# PROBLEM DETAILS
The data below should be restated word for word, pictures omitted.

# SUPPLIED MATERIAL
* * * * * * *
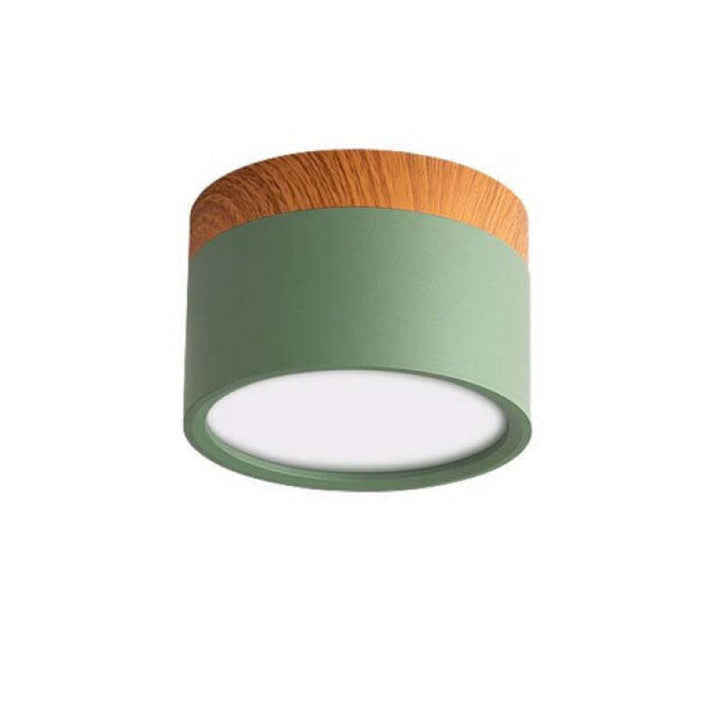 Morandi Style Modern LED Ceiling Lamp - LumiModo | Kalsten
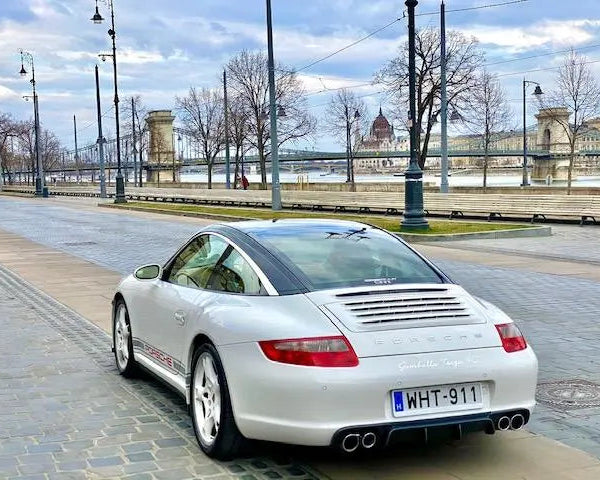 Rear Bumper Polyurethane Diffuser Spoiler - 911 | 2005-2008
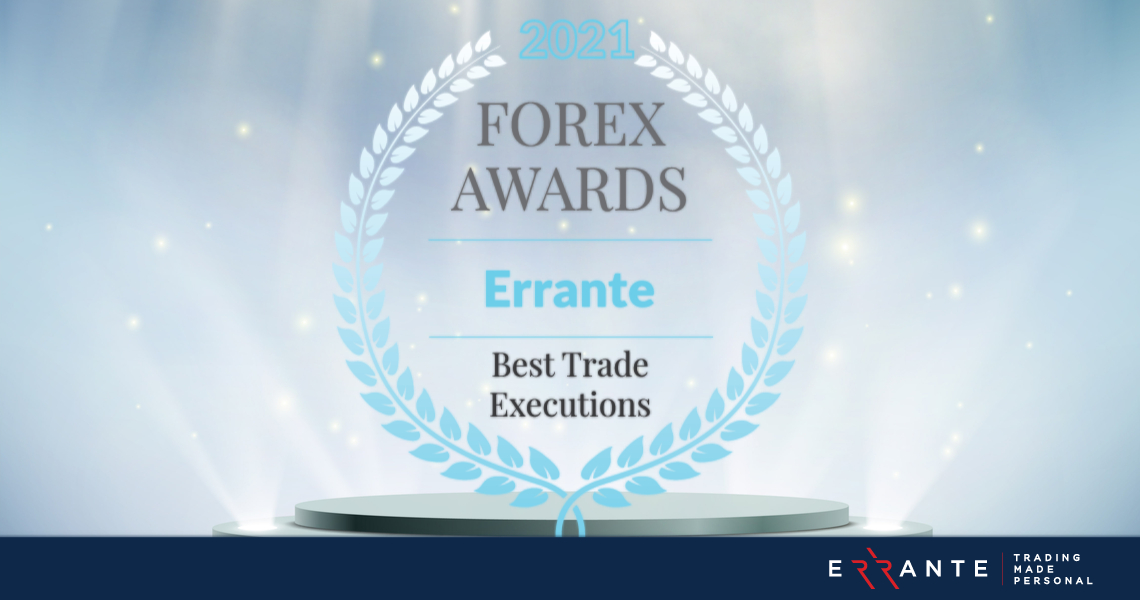 Errante Receives Best Trade Executions 2021 Award  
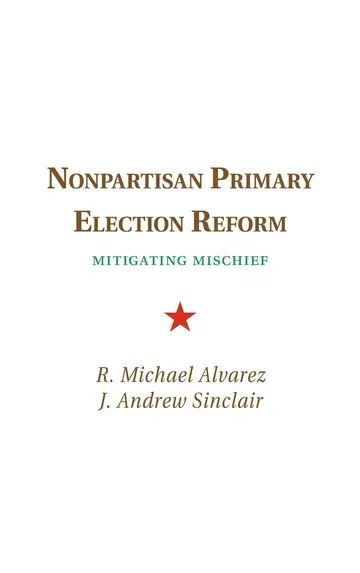 Cover of Nonpartisan Primary Election Reform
* * * * * * *
# WRITTEN ANSWER
 Morandi Style Modern LED Ceiling Lamp - LumiModo | Kalsten
 Rear Bumper Polyurethane Diffuser Spoiler - 911 | 2005-2008
 Errante Receives Best Trade Executions 2021 Award  
 Cover of Nonpartisan Primary Election Reform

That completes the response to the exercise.